Secretary of Commerce Gina Raimondo listens as President Joe Biden participates virtually in a meeting on the Creating Helpful Incentives to Produce Semiconductors (CHIPS) for America Act at the White House on July 25, 2022.
Anna Moneymaker | Getty Images News | Getty Images
Intel has been badly beaten down of late, losing 60% of its value this year as it struggles to find its way in the booming artificial intelligence market while aggressively building out fabs in the U.S. The company is turning to Commerce Secretary Gina Raimondo for help.

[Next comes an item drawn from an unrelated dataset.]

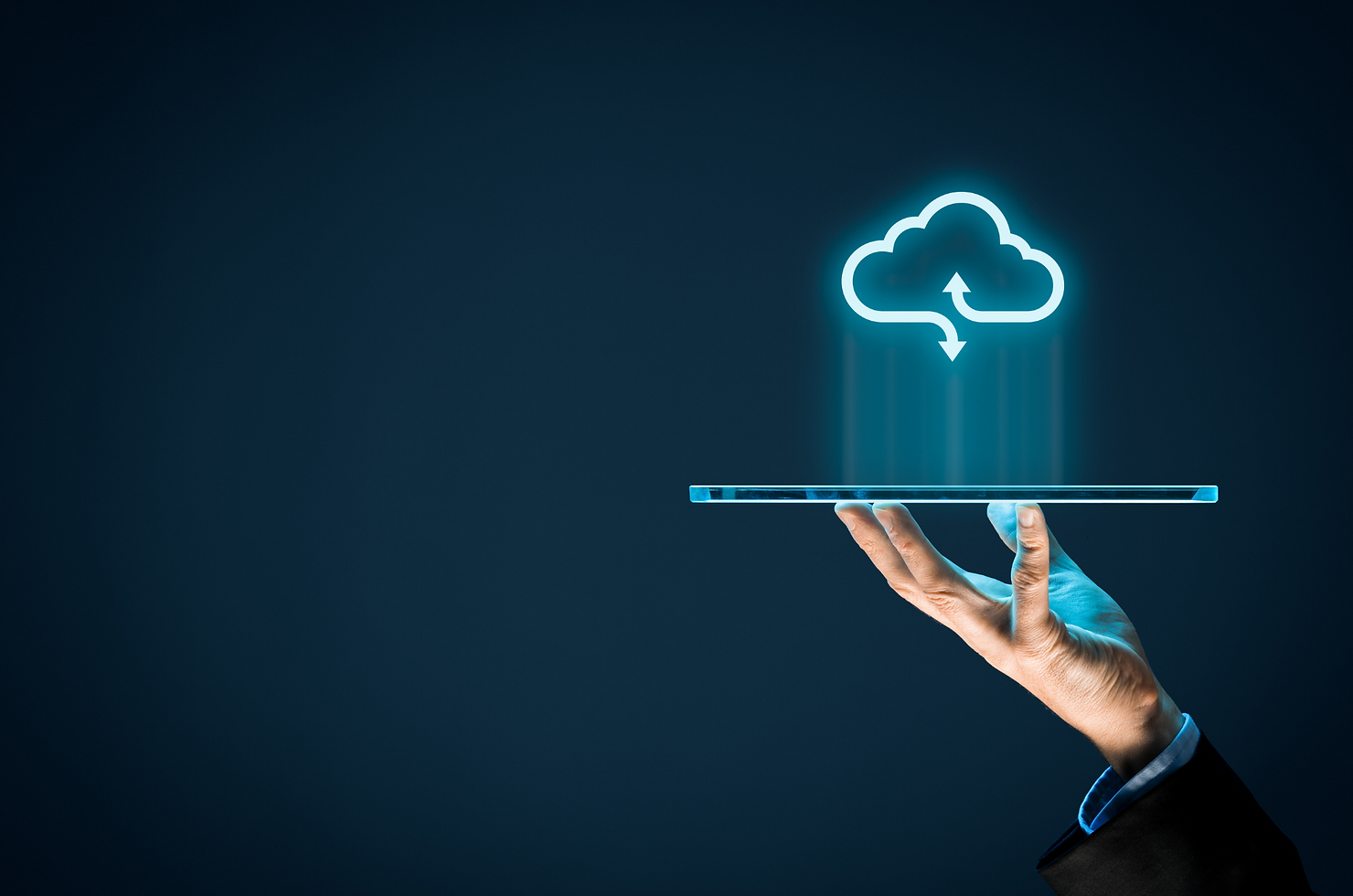 Securing IT Systems Administration through the Cloud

In a recent meeting with Raimondo, Intel CEO Pat Gelsinger voiced frustration over the heavy reliance that U.S. companies have on Taiwan Semiconductor Manufacturing, the world’s largest contract chipmaker.
Raimondo followed that up with meetings with a handful of public market investors to reinforce the importance of chip manufacturing in the U.S., given the growing geopolitical risk around Taiwan, according to people familiar with the matter who asked not to be named because the discussions were private. Raimondo’s goal was to urge shareholders in companies like Nvidia and Apple to recognize the economic benefits of having a U.S. foundry that can produce AI chips, the people said.
Intel is currently building out plants in four U.S. states as it seeks to become more of a foundry business, manufacturing chips for other suppliers. Earlier this year, Intel was awarded up to $8.5 billion in CHIPS Act funding from the Biden administration and could receive an additional $11 billion in loans from the legislation, which was passed in 2022.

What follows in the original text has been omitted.